Polycarbonate resin films, due to their many advantageous properties, are used in many industrial and commercial applications. Polycarbonate resin films, such as for example those derived from 2,2-bis(4-hydroxyphenyl)propane and phosgene, exhibit excellent optical clarity, high dimensional stability, excellent color, high heat resistance, and a high resistance to oxidative degradation.

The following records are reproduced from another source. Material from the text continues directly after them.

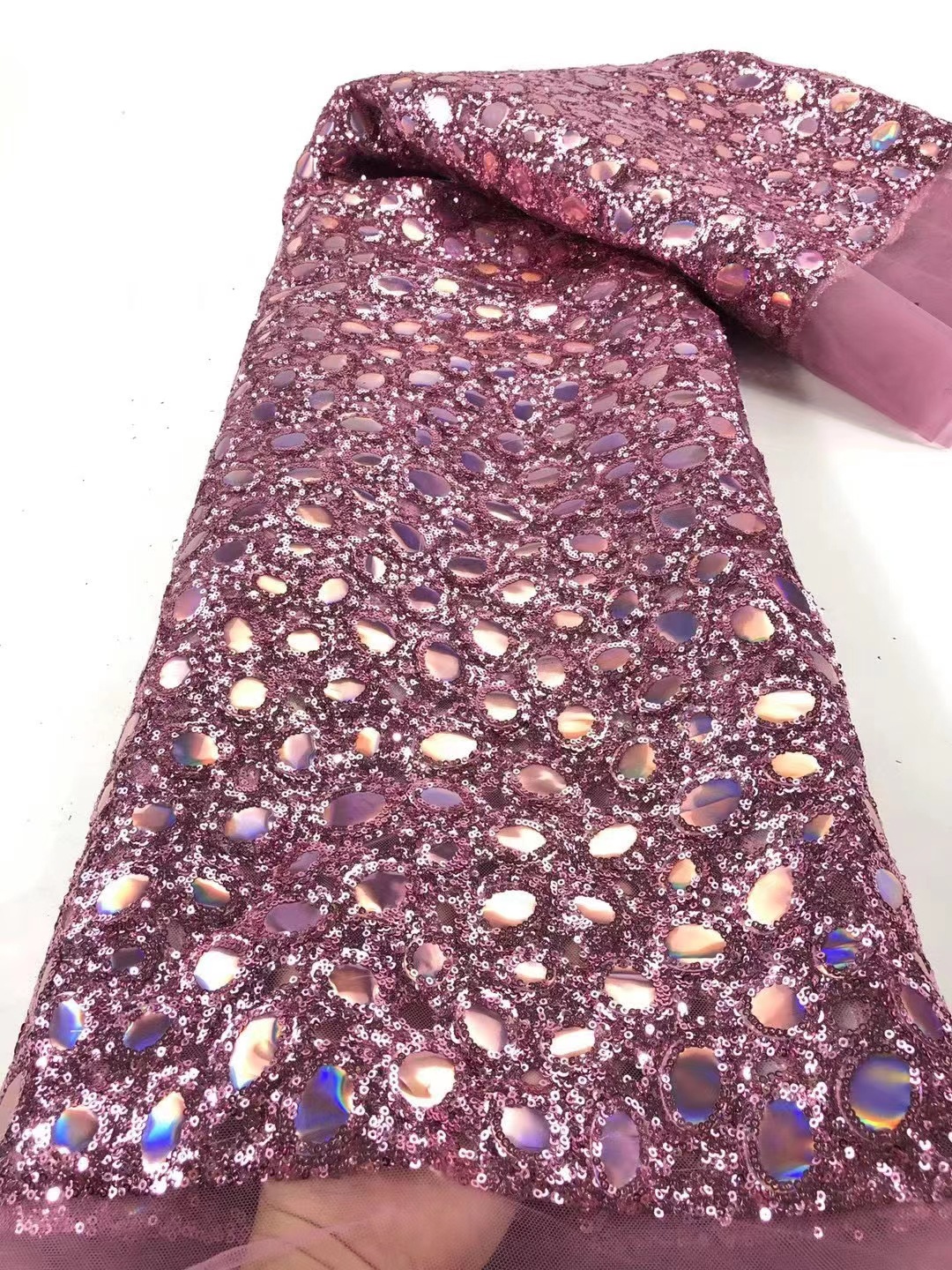 Nuevo oro en forma de gota Africana lentejuelas bordado vestido tela PET pieza vestido de boda etapa paño decorativo JX2759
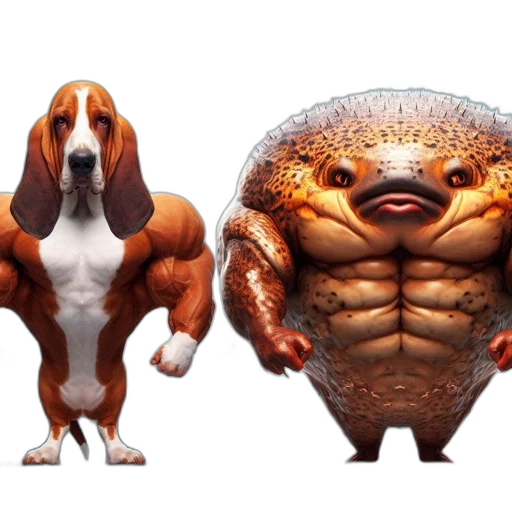 animal, creature, food, concept art, 3d render, photorealistic, fantasy art, two transparent PNG cut-out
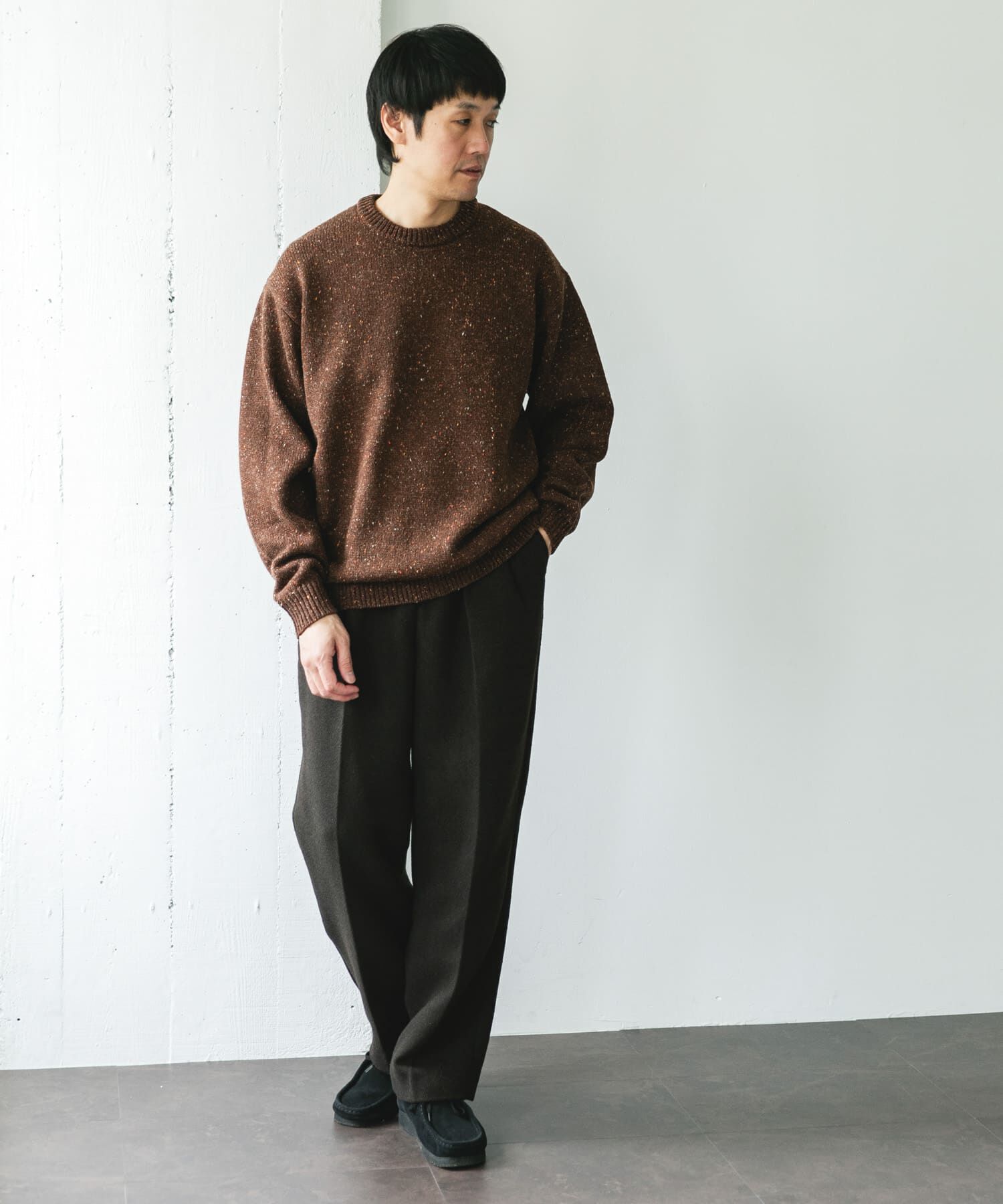 URBAN RESEARCH DOORS「ウールブレンドネップクルーネックニット」|ニット・セーター|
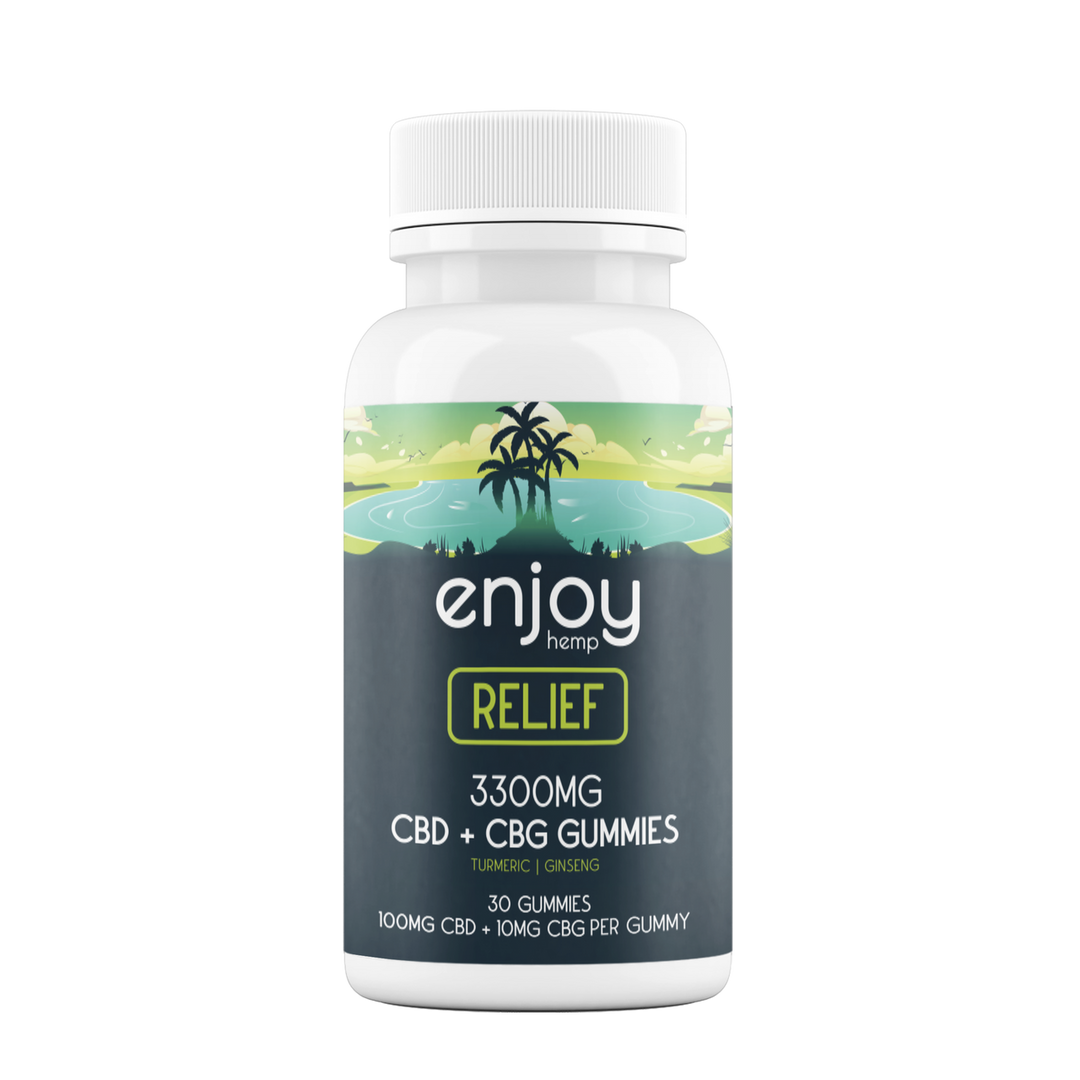 Enjoy Relief Full Spectrum CBD + CBG + Turmeric + Ginseng Gummies - Various Milligrams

However, polycarbonate films possess a very high film-to-film kinetic coefficient of friction. This makes handling of polycarbonate films difficult and restricts the use of such films in automatic processing equipment, such as for example packaging equipment, where successful operations necessitate kinetic coefficients of film friction considerably lower than those exhibited by conventional polycarbonate resin films. One effort to produce polycarbonate resin compositions which provide a self-sustaining film exhibiting a commercially acceptable coefficient of friction is described in U.S. Pat. No. 3,434,703. This patent describes a polycarbonate composition containing a polycarbonate resin having intimately dispersed therein a particular modifier which may be either silica or talc and which has an average diameter of up to about 10 microns and which is present in an amount of from about 0.025 to about 0.50 weight percent. The static coefficient of friction is reduced. U.S. Pat. No. 4,405,731 discloses that both the static and kinetic coefficients of friction are reduced by the presence of starch in the polycarbonate composition. Several of the examples at Table 2 of this patent also have small quantities of diatomaceous earth present together with the starch. There is no indication in the reference that the diatomaceous earth will be an effective additive for reducing the kinetic coefficient of friction by itself.
It has been surprisingly discovered that small quantities of diatomaceous earth in admixture with an aromatic polycarbonate provides a film exhibiting a low kinetic coefficient of friction. The presence of starch is not necessary for the diatomaceous earth to have this activity.